The Bigger Issue: AI in Technical Operations
This is not about Veeam specifically.
This is about AI in operational tooling.
The same pattern is now appearing in:
- Backup software
- Monitoring platforms
- SIEM tools
- DevOps platforms
- Cloud management tools
- Documentation platforms
- Ticketing systems
- Code repositories
- Network monitoring tools
AI assistants work best when they have context, and context means data, and data means data leaving your environment.
This creates several new challenges:
1. Data Sovereignty
Where is the AI processing happening?
Which country?
Which legal jurisdiction?
2. Data Retention
Is the data stored?
For how long?
Is it used to train models?
3. Change Over Time
One forum comment pointed out something very important:
What is sent today may change in a future update.

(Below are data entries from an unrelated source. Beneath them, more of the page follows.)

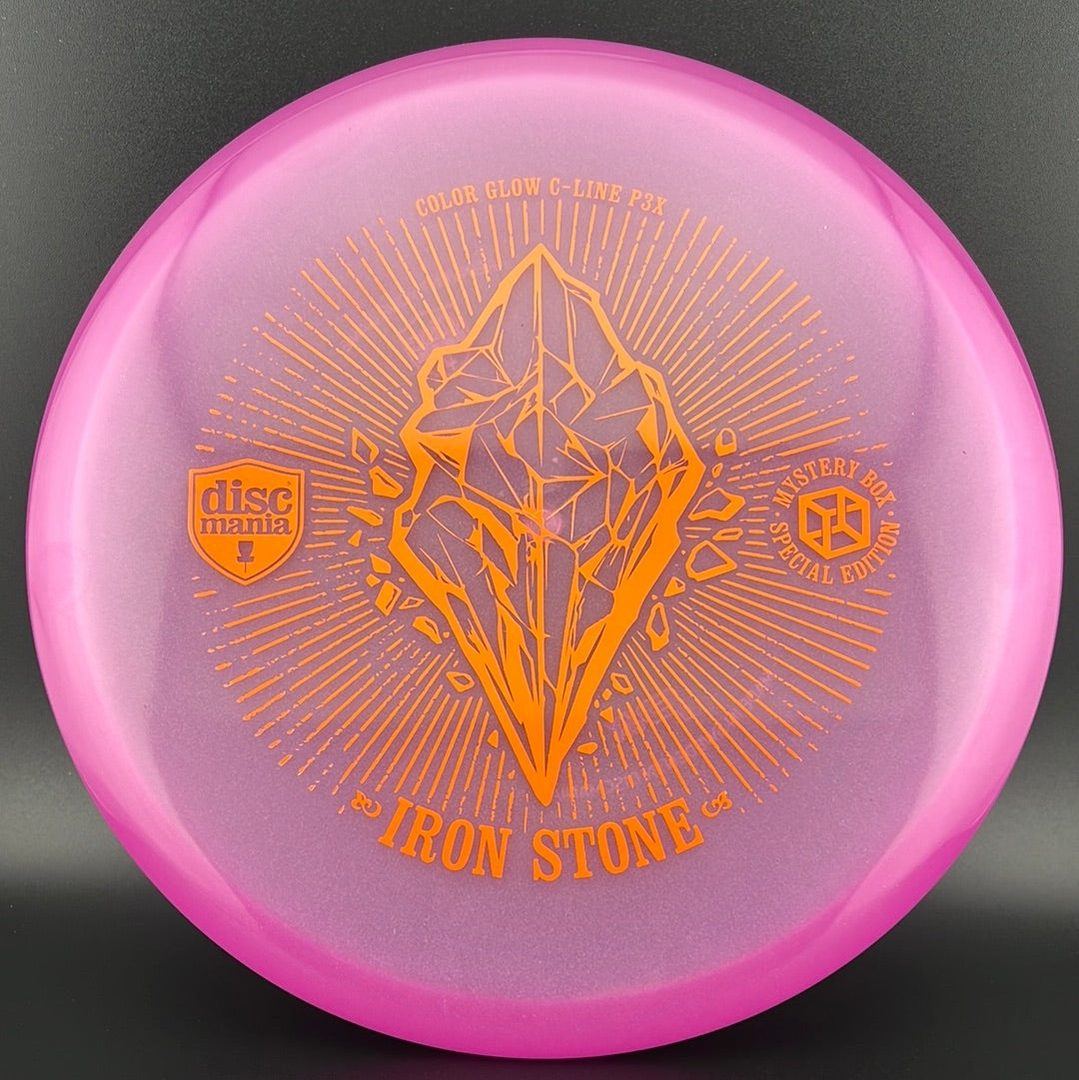 Color Glow C-Line P3X - First Run "Iron Stone" MB 23 Discmania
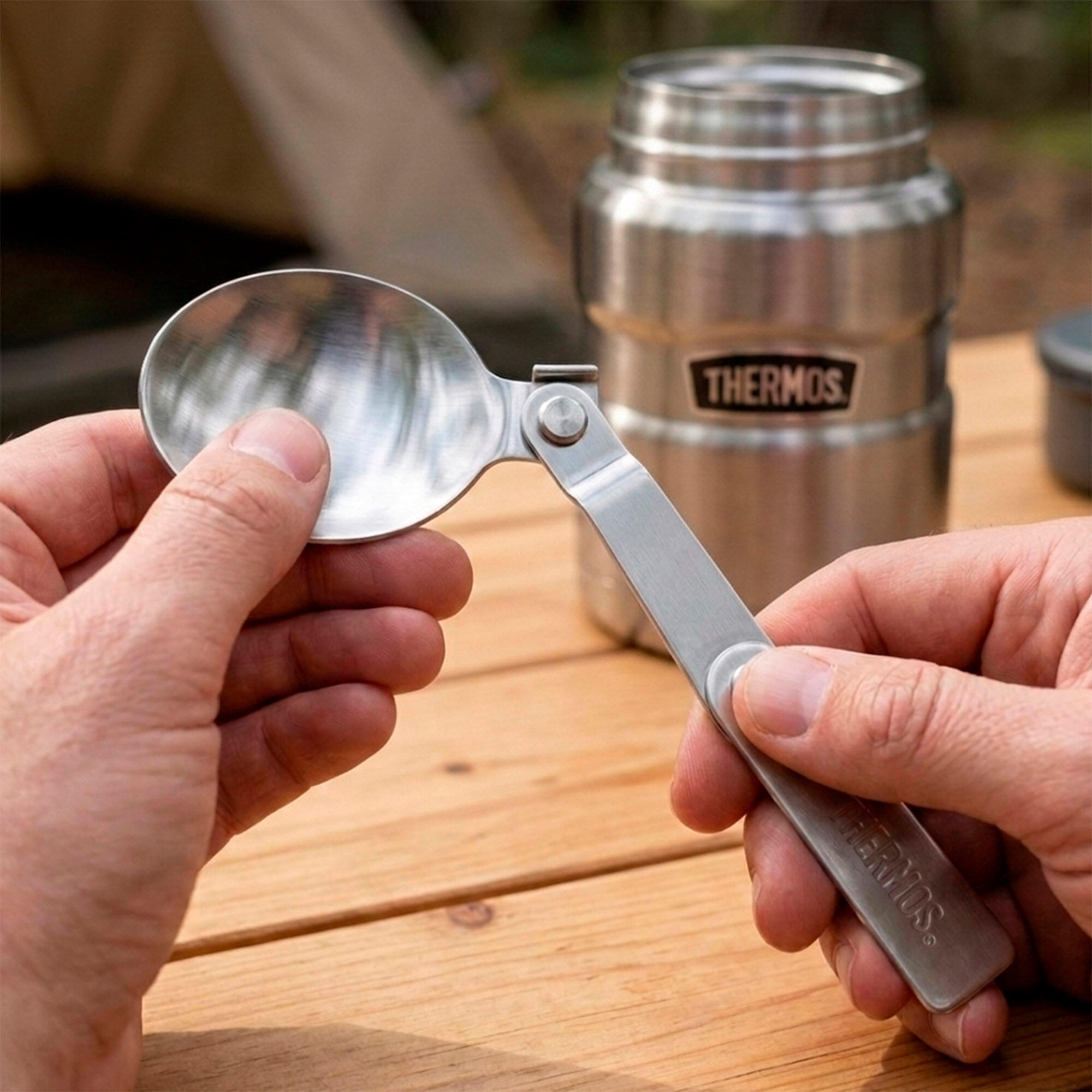 Garrafa térmica para alimentos quentes 470 ml em aço inoxidável 4/7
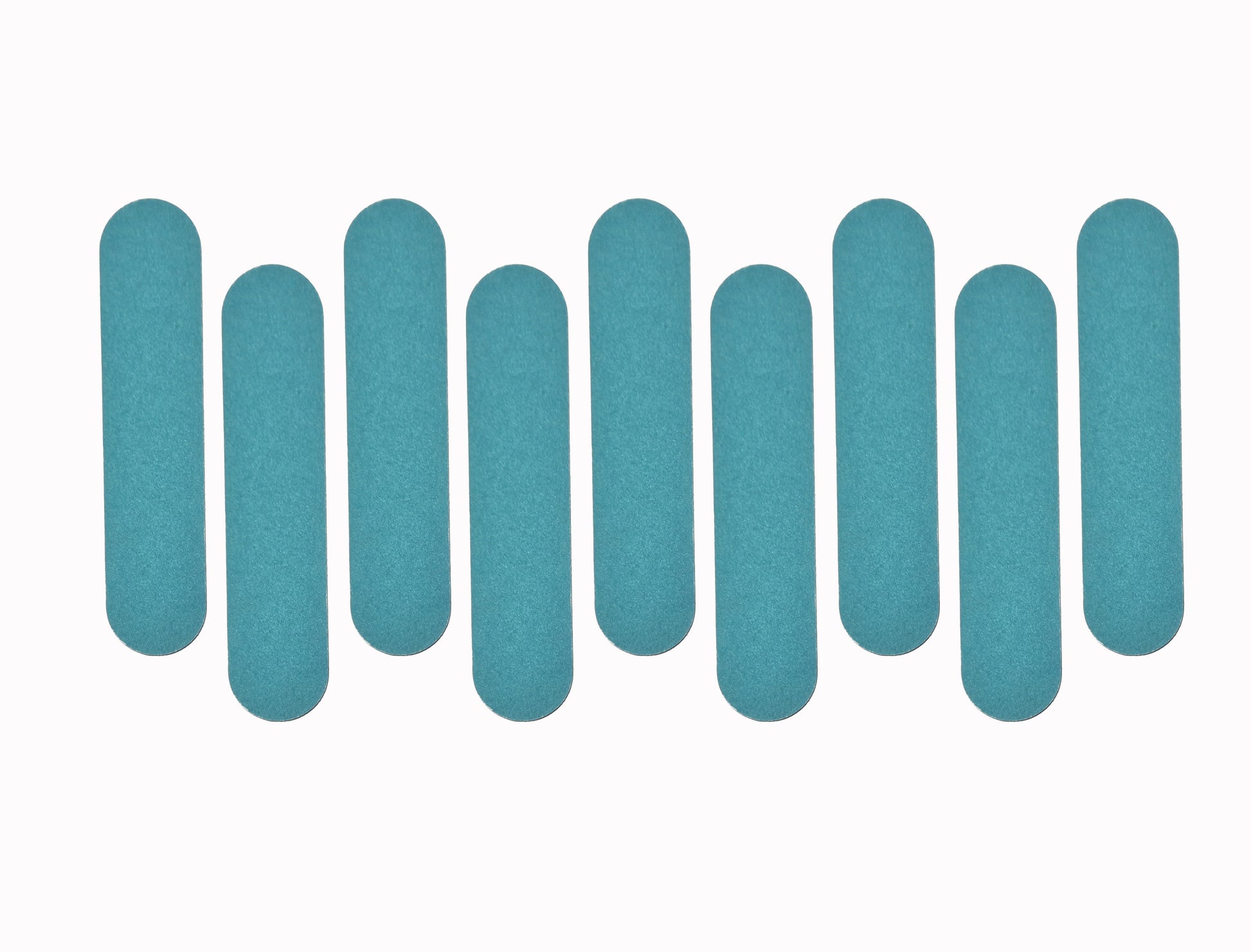 turquoise nail file set double sided 10pk fine grit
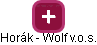 Horák - Wolf v.o.s. - obrázek vizuálního zobrazení vztahů obchodního rejstříku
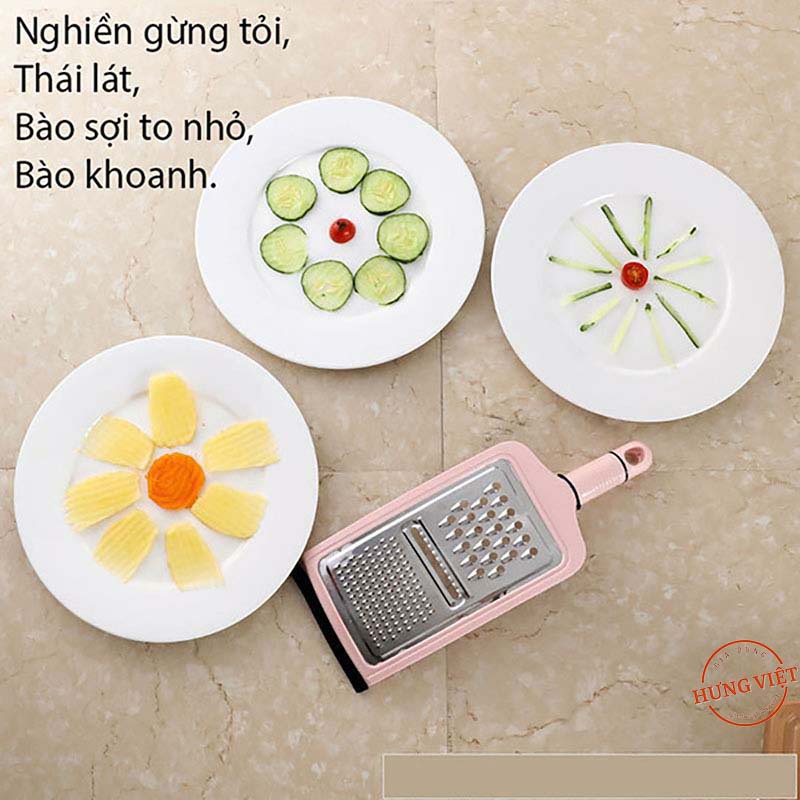 Dao bào cỡ lớn có tay cầm tiện lợi, bào sợi, gọt vỏ, thái lát, bào nhuyễn, nạo củ quả đa năng [DAO BÀO TO]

That is a huge operational governance problem.
4. Invisible Data Flows
Traditional tools:
- You know when logs are exported
- You know when backups are copied
- You know when replication occurs
AI tools:
- Data flows when someone asks a question
- Data flows when AI analyzes logs
- Data flows when AI generates recommendations
- Data flows in the background
This is a completely new operational risk category.
The New Question for Infrastructure Teams
We used to ask:
Is this tool secure?
Now we have to ask:
What data leaves our environment when this tool uses AI?
That is a very different question.
And most organizations do not yet have governance policies for this.
Practical Recommendations for Organizations
If you are running enterprise infrastructure and AI features are appearing in your tools, you probably need new policies:
- Treat AI assistants like external services.
- Review what data is transmitted.
- Check retention policies.
- Decide whether AI features are allowed in production environments.
- Consider enabling AI only in test environments.
- Monitor outbound connections from infrastructure servers.
- Include AI data flows in security reviews.
- Document AI features in risk registers.
- Inform compliance and legal teams.
- Assume AI features will expand over time.
The Bigger Picture
The Veeam forum discussion is interesting not because of Veeam specifically, but because it shows something important:
AI is quietly changing how infrastructure software works.
Not in the UI.
Not in the features.
But in where your operational data goes.
For the last 30 years, infrastructure tools mostly ran inside your network.
AI tools do not.
And that is going to be one of the biggest operational and security shifts in enterprise IT over the next decade.
Final Thought
Backups are supposed to be the last line of defence — the one system that absolutely must be isolated, controlled, and secure.
If AI assistants connected to backup infrastructure start exporting environment metadata to external services, even for legitimate reasons, then organizations need to think very carefully about where the new trust boundary actually is.
Because with AI-enabled infrastructure tools, your backup environment may no longer be entirely inside your network — even if the servers are.